9.3 The Third Party Works will be (at the option of the Company):
(a) supplied in accordance with the relevant licensor’s standard terms for online use;
(b) supplied on licence terms notified by the Company to the Customer;
(c) sub-licensed by the Company to the Customer on terms notified by the Company to the Customer; and/or
(d) sub-licensed by the Company to the Customer on the basis of a non-exclusive, worldwide, royalty-free licence to use the Third Party Works in connection with the Website.
9.4 Notwithstanding any other provision of the Agreement, the assignments and licences granted by the Company under this Agreement are subject to the payment by the Customer of all amounts owing to the Company in full and on time. In the event that the Customer owes any amount to the Company and fails to pay that amount to the Company within 14 days of receiving a notice:
(a) requiring it to do so; and
(b) specifying that the assignment will revert and the licences will terminate if the amount remains unpaid,
then the Company may immediately revert the assignments and terminate the licences granted by the Company under this Agreement by giving written notice of reversion and termination to the Customer.
9.5 Subject to Clause 9.4, upon and following the termination of the Agreement, any licences granted by
the Company to the Customer under this Clause 9 will continue notwithstanding termination.
9.6 The Company may include the Credit together with a link to the Company’s website on each page of the Website in a position and in a form to be determined by the Company acting reasonably. The Customer will retain any such Credit and link in any adapted version of the Website, and the Customer will (and will only) remove any such Credit and link from the Website at the Company’s request.
9.7 The Customer grants to the Company a non-exclusive worldwide licence, under the Intellectual Property Rights in the Website, to use the Website for the purpose of marketing the Company’s services to third parties.
10.1 The Company warrants to the Customer:
(a) that the Website (excluding the Customer Works and Third Party Works) will not infringe any person’s Intellectual Property Rights under English law; and
(b) that the Website will operate without any Defects upon the date of acceptance of the Website.
10.2 If the Customer demonstrates to the Company that the Website suffers from any Defect during the period of 30 days following the date of acceptance, the Company will, for no additional charge, carry out any work necessary in order to remedy the Defect, providing that, in the sole determination of the Company, the Defect has not been caused by the Customer.
10.3 The Customer acknowledges that the Company will design the Website to work with the web browser and server technologies specified in the Scope Statement, and the Company does not warrant that the Website will work with any other web browser or server technologies.

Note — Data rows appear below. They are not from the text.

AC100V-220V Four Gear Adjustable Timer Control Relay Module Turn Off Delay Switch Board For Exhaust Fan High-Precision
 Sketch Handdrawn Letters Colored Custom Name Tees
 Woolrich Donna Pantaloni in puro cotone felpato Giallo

10.4 The Customer further acknowledges that the Company does not purport to provide any legal advice under this Agreement or in relation to the Website and the Company does not warrant that the Website will not give rise to any civil or criminal legal liability on the part of the Customer or any other person.
11. Data protection
The Customer warrants that it has the legal right to disclose all Personal Data that it does in fact
disclose to the Company under this Agreement.
The Company may terminate this Agreement at any time by giving at least 30 days written notice to the Customer.
13. Effects of termination
13.1 Upon termination all the provisions of this Agreement will cease to have effect, save that the following provisions of this Agreement will survive and continue to have effect (in accordance with their terms or otherwise indefinitely): Clauses 1, 7.3, 9.2 to 9.7, 10.3 and 15.
13.2 Termination of this Agreement will not affect either party’s accrued rights (including the Company’s accrued rights invoice for and to be paid the Charges) as at the date of termination.
13.3 The Customer will not be entitled to any refund of Charges on termination, and will not be released from any obligation to pay Charges to the Company.